## Problem requirements
Only the text belongs in the copy. Transcribe the data exactly and drop any pictures.

## Source material
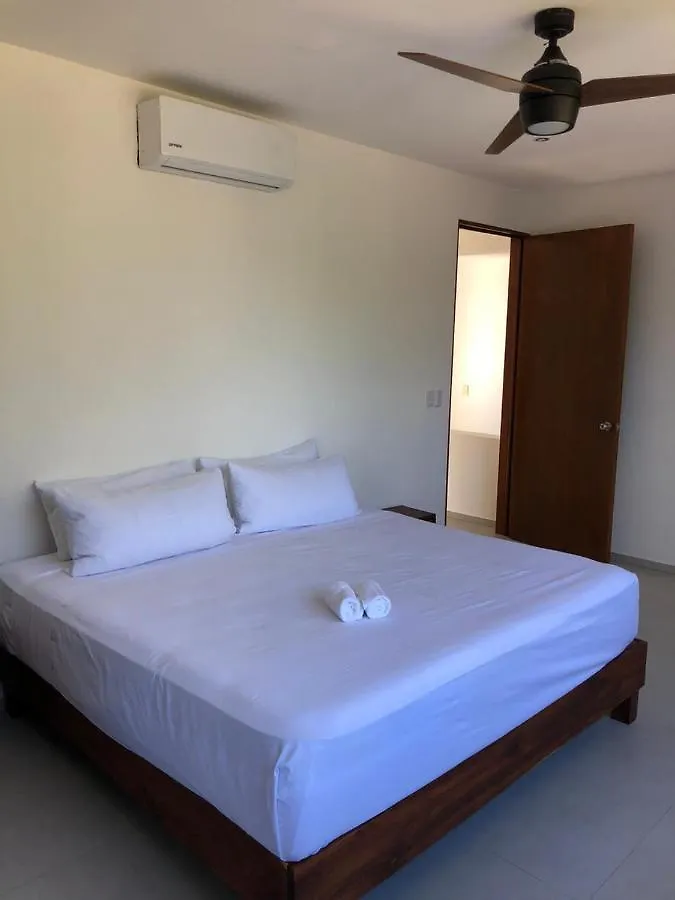 11Br I Hacienda Zalama Tulum Villa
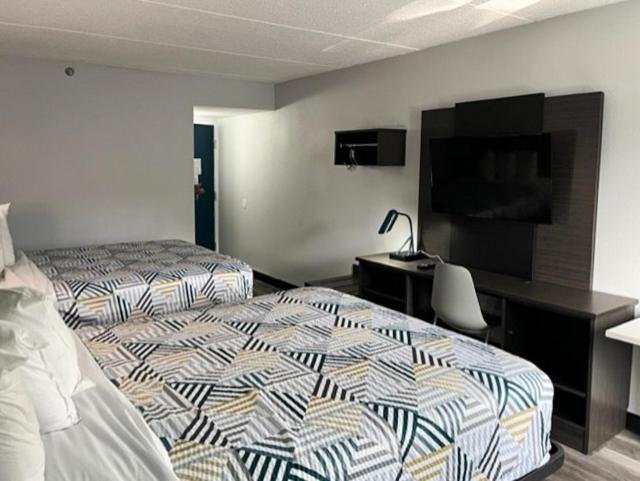 Studio 6 Suites East Syracuse Airport Eksteriør billede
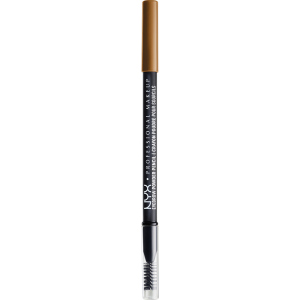 Карандаш для бровей NYX Professional Makeup Eyebrow Pwdr Pncl 04 Caramel 1.4 г (800897085360) надежный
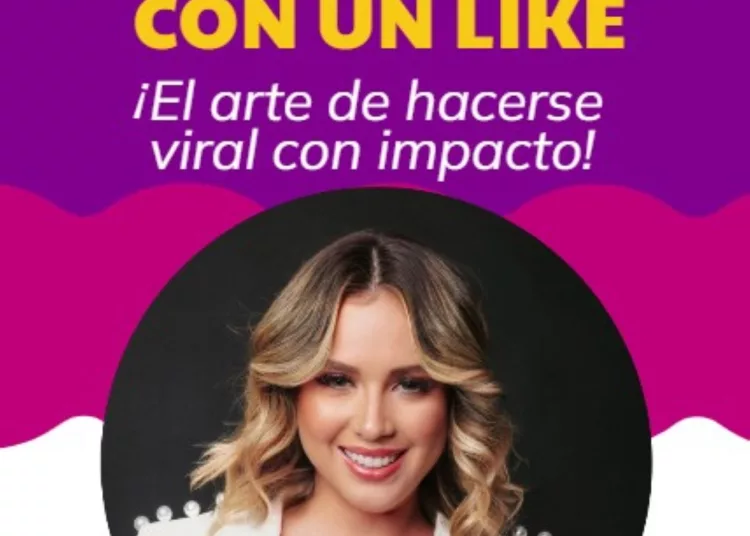Franngely Materán lanza su primer ebook “Todo comenzó con un like” y revoluciona la forma de conectarse en redes sociales.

## Problem solution
 11Br I Hacienda Zalama Tulum Villa
 Studio 6 Suites East Syracuse Airport Eksteriør billede
 Карандаш для бровей NYX Professional Makeup Eyebrow Pwdr Pncl 04 Caramel 1.4 г (800897085360) надежный
Franngely Materán lanza su primer ebook “Todo comenzó con un like” y revoluciona la forma de conectarse en redes sociales.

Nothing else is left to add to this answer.